___ INFORMATION SUPPLIED ___

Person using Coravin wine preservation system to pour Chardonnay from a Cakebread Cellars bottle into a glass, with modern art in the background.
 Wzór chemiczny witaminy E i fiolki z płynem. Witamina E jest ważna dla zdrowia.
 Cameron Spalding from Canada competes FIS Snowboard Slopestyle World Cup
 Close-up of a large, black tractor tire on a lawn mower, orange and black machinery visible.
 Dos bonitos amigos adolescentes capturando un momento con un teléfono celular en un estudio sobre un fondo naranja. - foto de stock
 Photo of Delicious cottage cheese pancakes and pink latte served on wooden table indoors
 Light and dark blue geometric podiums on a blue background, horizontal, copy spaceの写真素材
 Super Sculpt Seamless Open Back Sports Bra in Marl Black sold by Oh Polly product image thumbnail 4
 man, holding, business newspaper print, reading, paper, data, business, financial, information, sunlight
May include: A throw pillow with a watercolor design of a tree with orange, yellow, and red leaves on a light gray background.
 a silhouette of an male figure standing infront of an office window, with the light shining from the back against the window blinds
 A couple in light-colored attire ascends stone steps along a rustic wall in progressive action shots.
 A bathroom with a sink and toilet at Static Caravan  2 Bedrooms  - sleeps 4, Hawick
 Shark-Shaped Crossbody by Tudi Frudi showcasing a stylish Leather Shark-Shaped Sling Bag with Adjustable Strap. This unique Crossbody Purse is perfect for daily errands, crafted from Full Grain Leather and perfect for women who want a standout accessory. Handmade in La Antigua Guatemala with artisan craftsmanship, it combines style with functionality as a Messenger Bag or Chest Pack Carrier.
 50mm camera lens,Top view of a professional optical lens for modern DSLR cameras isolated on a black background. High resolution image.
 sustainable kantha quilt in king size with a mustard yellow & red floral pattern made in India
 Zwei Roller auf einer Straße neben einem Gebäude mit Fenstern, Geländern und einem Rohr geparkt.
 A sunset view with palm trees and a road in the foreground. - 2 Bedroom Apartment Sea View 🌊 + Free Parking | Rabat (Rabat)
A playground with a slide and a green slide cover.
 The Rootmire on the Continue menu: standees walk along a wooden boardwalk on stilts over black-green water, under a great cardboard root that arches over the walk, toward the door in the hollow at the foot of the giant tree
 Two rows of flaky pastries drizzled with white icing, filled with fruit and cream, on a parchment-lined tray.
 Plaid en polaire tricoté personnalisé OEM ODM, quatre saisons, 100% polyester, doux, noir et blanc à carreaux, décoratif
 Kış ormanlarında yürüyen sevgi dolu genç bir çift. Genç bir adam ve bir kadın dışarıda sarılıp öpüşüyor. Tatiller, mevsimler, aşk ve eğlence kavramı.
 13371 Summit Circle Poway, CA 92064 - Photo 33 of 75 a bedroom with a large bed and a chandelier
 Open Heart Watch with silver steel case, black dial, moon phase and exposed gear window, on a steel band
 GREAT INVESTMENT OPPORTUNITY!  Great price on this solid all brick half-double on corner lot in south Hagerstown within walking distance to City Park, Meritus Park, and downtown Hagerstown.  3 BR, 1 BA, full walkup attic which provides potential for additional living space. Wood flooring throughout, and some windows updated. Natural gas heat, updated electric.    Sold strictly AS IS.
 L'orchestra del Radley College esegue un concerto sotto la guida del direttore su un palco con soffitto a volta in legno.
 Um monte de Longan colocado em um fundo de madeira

___

- [DESCRIPTION OF THE TASK]
What you should produce is an exact retyping of every line above.

- [YOUR RESPONSE]
Person using Coravin wine preservation system to pour Chardonnay from a Cakebread Cellars bottle into a glass, with modern art in the background.
 Wzór chemiczny witaminy E i fiolki z płynem. Witamina E jest ważna dla zdrowia.
 Cameron Spalding from Canada competes FIS Snowboard Slopestyle World Cup
 Close-up of a large, black tractor tire on a lawn mower, orange and black machinery visible.
 Dos bonitos amigos adolescentes capturando un momento con un teléfono celular en un estudio sobre un fondo naranja. - foto de stock
 Photo of Delicious cottage cheese pancakes and pink latte served on wooden table indoors
 Light and dark blue geometric podiums on a blue background, horizontal, copy spaceの写真素材
 Super Sculpt Seamless Open Back Sports Bra in Marl Black sold by Oh Polly product image thumbnail 4
 man, holding, business newspaper print, reading, paper, data, business, financial, information, sunlight
May include: A throw pillow with a watercolor design of a tree with orange, yellow, and red leaves on a light gray background.
 a silhouette of an male figure standing infront of an office window, with the light shining from the back against the window blinds
 A couple in light-colored attire ascends stone steps along a rustic wall in progressive action shots.
 A bathroom with a sink and toilet at Static Caravan  2 Bedrooms  - sleeps 4, Hawick
 Shark-Shaped Crossbody by Tudi Frudi showcasing a stylish Leather Shark-Shaped Sling Bag with Adjustable Strap. This unique Crossbody Purse is perfect for daily errands, crafted from Full Grain Leather and perfect for women who want a standout accessory. Handmade in La Antigua Guatemala with artisan craftsmanship, it combines style with functionality as a Messenger Bag or Chest Pack Carrier.
 50mm camera lens,Top view of a professional optical lens for modern DSLR cameras isolated on a black background. High resolution image.
 sustainable kantha quilt in king size with a mustard yellow & red floral pattern made in India
 Zwei Roller auf einer Straße neben einem Gebäude mit Fenstern, Geländern und einem Rohr geparkt.
 A sunset view with palm trees and a road in the foreground. - 2 Bedroom Apartment Sea View 🌊 + Free Parking | Rabat (Rabat)
A playground with a slide and a green slide cover.
 The Rootmire on the Continue menu: standees walk along a wooden boardwalk on stilts over black-green water, under a great cardboard root that arches over the walk, toward the door in the hollow at the foot of the giant tree
 Two rows of flaky pastries drizzled with white icing, filled with fruit and cream, on a parchment-lined tray.
 Plaid en polaire tricoté personnalisé OEM ODM, quatre saisons, 100% polyester, doux, noir et blanc à carreaux, décoratif
 Kış ormanlarında yürüyen sevgi dolu genç bir çift. Genç bir adam ve bir kadın dışarıda sarılıp öpüşüyor. Tatiller, mevsimler, aşk ve eğlence kavramı.
 13371 Summit Circle Poway, CA 92064 - Photo 33 of 75 a bedroom with a large bed and a chandelier
 Open Heart Watch with silver steel case, black dial, moon phase and exposed gear window, on a steel band
 GREAT INVESTMENT OPPORTUNITY!  Great price on this solid all brick half-double on corner lot in south Hagerstown within walking distance to City Park, Meritus Park, and downtown Hagerstown.  3 BR, 1 BA, full walkup attic which provides potential for additional living space. Wood flooring throughout, and some windows updated. Natural gas heat, updated electric.    Sold strictly AS IS.
 L'orchestra del Radley College esegue un concerto sotto la guida del direttore su un palco con soffitto a volta in legno.
 Um monte de Longan colocado em um fundo de madeira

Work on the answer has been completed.